In a country weary of broken promises, the people do not demand perfect speeches, but hard truths and consequential actions. Because true inclusive governance is not proclaimed: it is built, measured, and felt in the food on the plate, in guaranteed employment, and in the restored dignity of the common citizen. When the Head of State addresses the Nation, he speaks not only as a political coordinator, but as the ultimate guarantor of the functioning of the state apparatus. In the national domain, the President is the one who holds the legitimacy to ensure that public servants' salaries will not be missed, that the thirteenth-month salary will be paid, or, if that is not possible, to explain the reasons frankly and assume the political cost of that truth. Delegating this clarification to ministers is to transform a matter of State into a bureaucratic problem.

The President was everywhere, cutting ribbons, announcing programs, promising solutions, and assuming absolute leadership in governance. Ministers were, in this process, progressively reduced to behind-the-scenes managers, silent executors of an agenda with a single face. The image of the omnipresent President was created, the supreme head of all dossiers, the final decision-maker even on the most technical matters. In a country where the majority of the population is young, ignoring this social drama is equivalent to postponing the future. The challenge of unemployment, particularly among young people and recent graduates, was also relegated to a secondary level. Youth are not nourished by speeches, but by active employment policies, productive investment, and a State that functions as a catalyst for development, not merely as a manager of political rhetoric.
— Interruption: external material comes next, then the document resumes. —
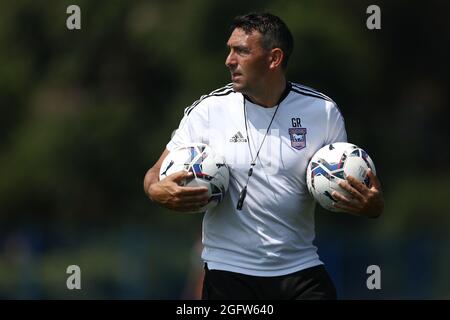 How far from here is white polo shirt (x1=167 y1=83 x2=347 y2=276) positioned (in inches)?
278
In a functioning state, the President speaks to close cycles, not to open up further clarifications. The irony is evident. Someone who has established himself as head of all ministries cannot, at the moment of accountability, behave as a mere symbolic coordinator. Instead of confronting head-on the indicators that most worry society, such as economic growth measured by GDP, the worsening of youth unemployment, and the absence of a structural project for the effective improvement of living conditions, by pushing a second "report" to ministers without their own political weight, the President weakens the authority of his own discourse. He transforms the National Address into an unfinished preface and the ministers into interpreters of a poorly defined score. This is not institutional decentralization; it is an escape from direct political commitment.
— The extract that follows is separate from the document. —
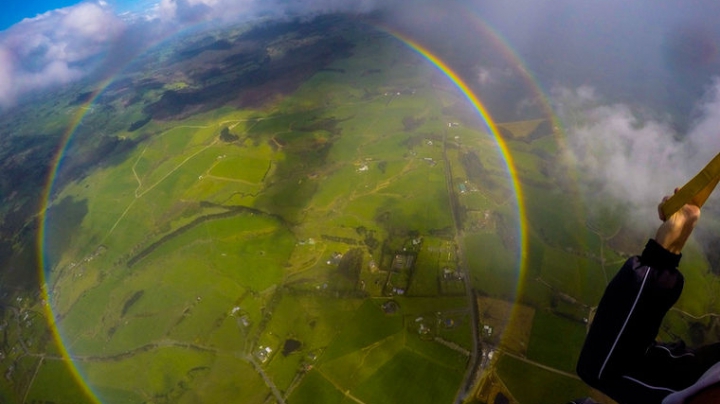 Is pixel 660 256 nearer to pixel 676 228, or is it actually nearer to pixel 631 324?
pixel 676 228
When the Head of State speaks and the ministers need to speak again, something has failed in the leadership. Between the announced hope and the concrete achievements, a dangerous gap opens up, where popular trust fades and disenchantment deepens. And when the people perceive this flaw, they understand that the problem lies not with the ministers who explain too much, but with the President who explained too little, because governing is not just about inaugurating. Governing, after all, is not done only with promises of inclusion, but with the creation of real opportunities, dignified work, and tangible social justice, in a carefully polished discourse, but lacking social depth; politically correct, but socially insufficient. Governing is, above all, about taking responsibility. The Address to the Nation has ended, thus appearing more as an exercise in applause projected towards an indefinite future than an accounting of the present.